Sure enough, some hot blonde stuff is driving along in her stylish convertible, a Penguin Classics version of "Fall of the House of Usher" sitting on the passenger’s seat. Alas, the post-modern flourishes are already out in full force. Our blonde hero parks and steps into a tomb, finding a heart sitting on an altar. Lo and behold, her chest appears to be missing that most crucial of organs, and then she awakes from what was a dream. I don’t recall a sequence of this type appearing in the original story, but it would appear that the film deviates from the text in order to expound on the heroine’s troubles of the heart slumbering within her subconscious. Might it be said that director Alan Birkinshaw understands the humanity of characters better than the man from which these characters sprung forth? I will let the scholars sort it out.
Dressed as a saucy cupid, our heroine enters the costume ball in a grand Bavarian castle. The cupid is not a conduit for love, but an undercover reporter with a camera hidden in her bow. She seeks to find publishable material related to the scandalous queen (Brenda Vaccaro), thematically supposing that love is merely another form of exploitation. Soon, the queen is murdered, and her death becomes a more profitable scandal than her life could ever be. Well, subtext aside, this beautiful old castle and the wild variety (an late 80’s modernist take on the medieval) of costumes worn by the guests provides a parade of garish entertainment. Oh yeah, and this happens…
HOLY FUCKING SHIT. Yeah, the song isn’t the greatest, but that might be the greatest visual front for music I have ever seen. According to the credits, the band is accompanied by “neo-punk dancers”, and the “Razzle Jazzle Dance Company” is responsible for the choreography. I imagine I could be thoroughly entertained for an eternity by this band alone. Alas, art has a humanist core, so let us get back to the characters. We get to know the duke, played by…FRANK STALLONE?!?!

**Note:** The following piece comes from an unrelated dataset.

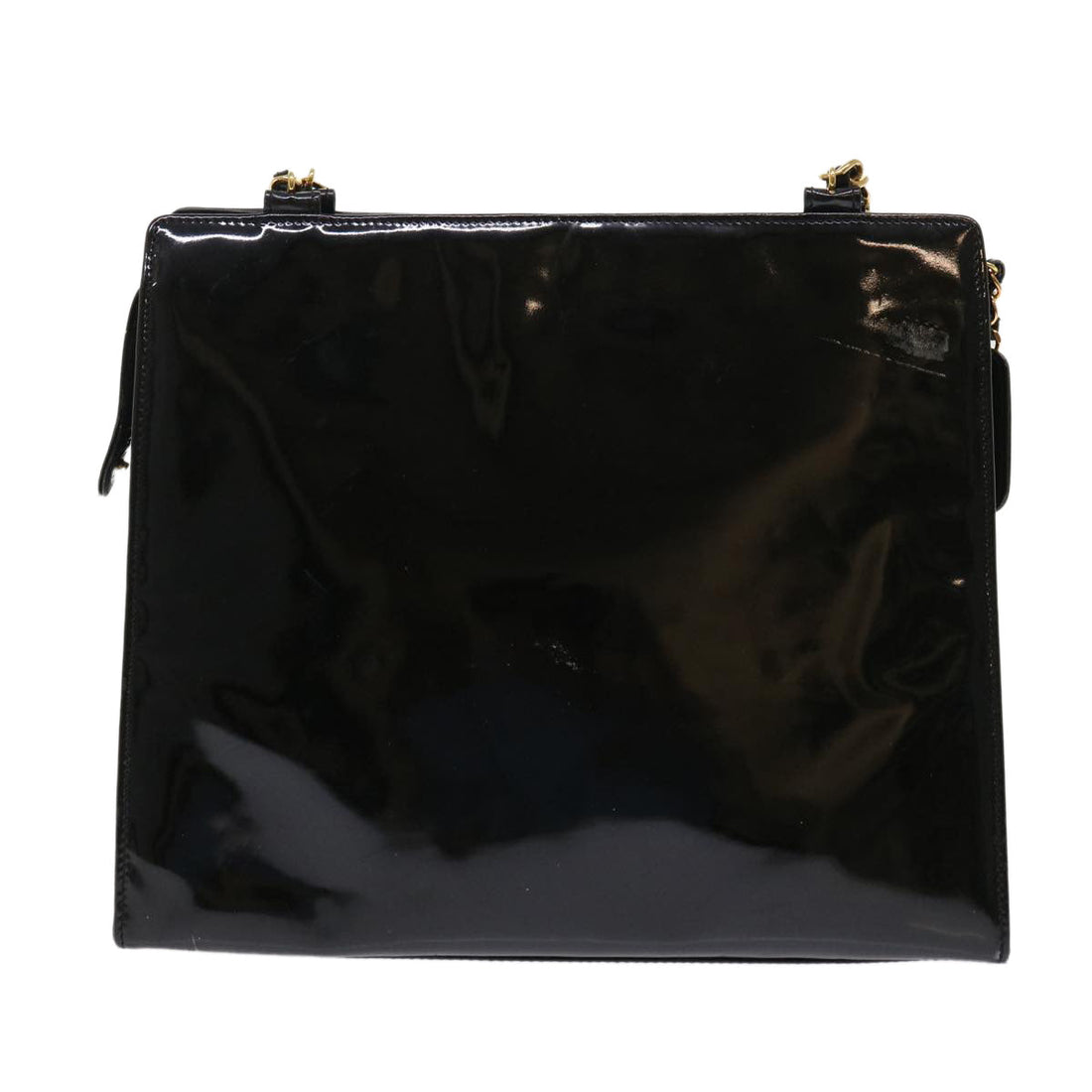 Chanel Chain Shoulder Bag Patent leather Black CC Auth bs6435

FRANK FUCKING STALLONE AS A BAVARIAN DUKE?
I’m speechless. He seems to be just playing himself and even then, he’s fucking that up. Jesus H. Christ.

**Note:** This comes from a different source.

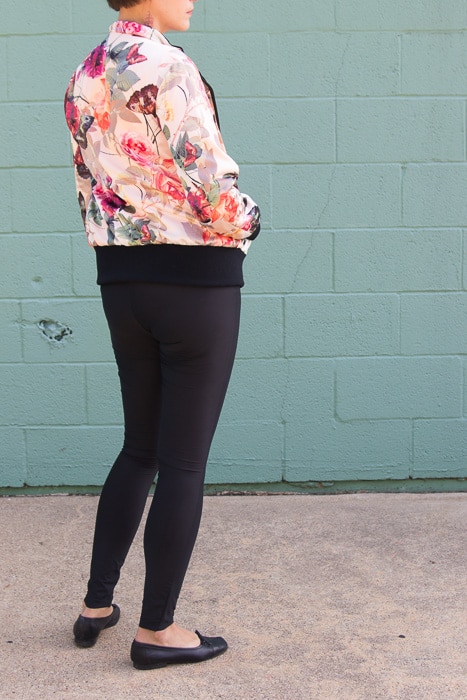 Back view - Satin McCartney Jacket by Shwin Designs, and Go To Knit Pants by Go To Patterns, sewn by Melly Sews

I’m beginning to sincerely doubt that these characters actually represent various post-modern subtexts in light of this Frank Stallone revelation. Maybe these are just images thrown together to cash in on dear Edgar’s name. Alas, the spell hath been broken. My eyes start to wander, no longer enchanted by the magic box, and I notice a cobweb in the ceiling corner. There is a monster loose in my room! I thought the room was properly sealed. What other creatures might have entered through various portals and have since found homes in the various crevices of my lair? I thought I was safe from my own little red deaths, but have I accidentally sealed them inside? Is my safe room but a tomb of monsters, and I am locked in with no escape? Well, if my situation is hopeless, I may as well brush these creatures out of mind, letting them live quietly in darkness while I return to the movie.

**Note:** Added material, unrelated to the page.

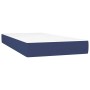 Blaues vidaXL Boxspringbett mit weißer Matratze, Stoffbezug, 90x200 cm.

So, apparently, the castle is not sealed off from a plague because there is no plague, only a menace in a red cloak wandering the halls, picking off the party goers using "Pit and the Pendulum"-style traps (innovatively including a giant sewing machine). The entire point of the story, that of the rich falsely believing they can escape the horrors of the world, seems to have been lost in translation, and we are left with a stalking phantom wandering around an illustrious castle and offing them in stylish, somewhat Argento-esque fashion. Just as I probably shouldn’t worry about the horrors of the outside world, or the tiny horrors inevitably creeping inside and around me, maybe I shouldn’t worry about whether or not the art I intake contains allusions to these horrors and plagues. I should just be happy that I’m an invited guest at such a ball, surrounded by garish costumes and fancy murders and hot chicks and a kick-ass band. Monsters may have snuck into my room, but hopefully they won’t come after me if I don’t bother to go looking for them.
P.S. This is the final post in my 2nd annual Lazy Baker Halloween Horror Countdown. Eleven down, zero to go. Happy Halloween! Don't overdose on candy or Pumkin Ale or embalming fluid or whatever it is the kids do on Halloween these days.